Começa na literatura pelos jornais. Em 1855, o jornal Marmota Fluminense publicava os versos de “A palmeira” – “Tenho a fronte amortecida/ Do pesar acabrunhada!/ Sigo os rigores da sorte,/ Nesta vida amargurada”. Este jornal era na época editado numa livraria que era o ponto de escritores da época, como Paula Brito, dono da livraria e do jornal, e Manuel Antônio de Almeida, já romancista conhecido. Desse convívio, Machado acaba por tornar-se membro da redação, sendo a porta de entrada para outras publicações e para outros jornais. Antes o adolescente Machado apenas vivia encantado com as elegâncias da Rua do Ouvidor, onde certamente trabalhava como caixeiro e tipógrafo, antes de tornar-se cronista e passasse esses encantos e percepções através das crônicas, num estilo irônico, que logo mais tarde o consagraria enquanto romancista.

Da fase dos romances, Machado, produziu, inquestionavelmente, uma obra-prima. Marco na literatura brasileira. Memórias póstumas de Brás Cubas, 1881, é a obra do auge da carreira literária do escritor; Dom Casmurro, dezoito anos depois, eternizaria um debate acerca do adultério – teria Capitu traído Bentinho? E o que dizer dos seus indecifráveis olhos de ressaca? Além do debate em torno dos regimes políticos, religiosos e sociais, dos bons e maus costumes – estes últimos, principalmente – da sociedade carioca e brasileira, acerca das fraquezas, tiques maníacos, loucuras e razões humanas. Tudo em ritmo de uma escrita que tão importante quanto ela, o país só viria a ter bem mais tarde, com um Graciliano Ramos ou com um Guimarães Rosa. A tudo isso se soma o espírito cavernosamente crítico e pessimista em relação à face negativa do comportamento humano, do homem em si e da vida, esquecendo do que a hipocrisia social chama pelos sentimentos de bondade e de grandeza.

E tudo isso daria ainda muito que falar quando depois de sua morte. Na verdade a vida do escritor começa postumamente, porque aos olhos da crítica, seja ela especializada ou não na obra do escritor, muito do que já se tem dito acerca desse gênio foi postumamente. E, certamente, muito ainda se tem por dizer, haja vista ser, o objeto literário, fonte inesgotável de questionamentos e percepções. Tanto que, mesmo passado cem anos de sua morte e, mais de um século de seus escritos, estes ainda aparecem como tão vivos que, parece está o escritor a vivenciar essa sociedade. Isso se justifica em parte pelo olho perspicaz do escritor, em parte porque parece que nunca a humanidade evoluiu, antes tem aperfeiçoado sua hipocrisia.

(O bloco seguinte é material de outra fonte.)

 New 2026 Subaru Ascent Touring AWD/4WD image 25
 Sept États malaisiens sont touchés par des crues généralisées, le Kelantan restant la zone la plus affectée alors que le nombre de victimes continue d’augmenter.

Não há um último capítulo que se possa redigir acerca de Machado, antes uma vida que, em cem anos de estado póstumo, sempre se recicla e se ressuscita; ou talvez nunca se torne desgastada para ser reciclada, muito menos morta para que se ressuscite.

* Este artigo foi publicado no dia 29 de julho de 2008 no Jornal Correio da Tarde, p. 2.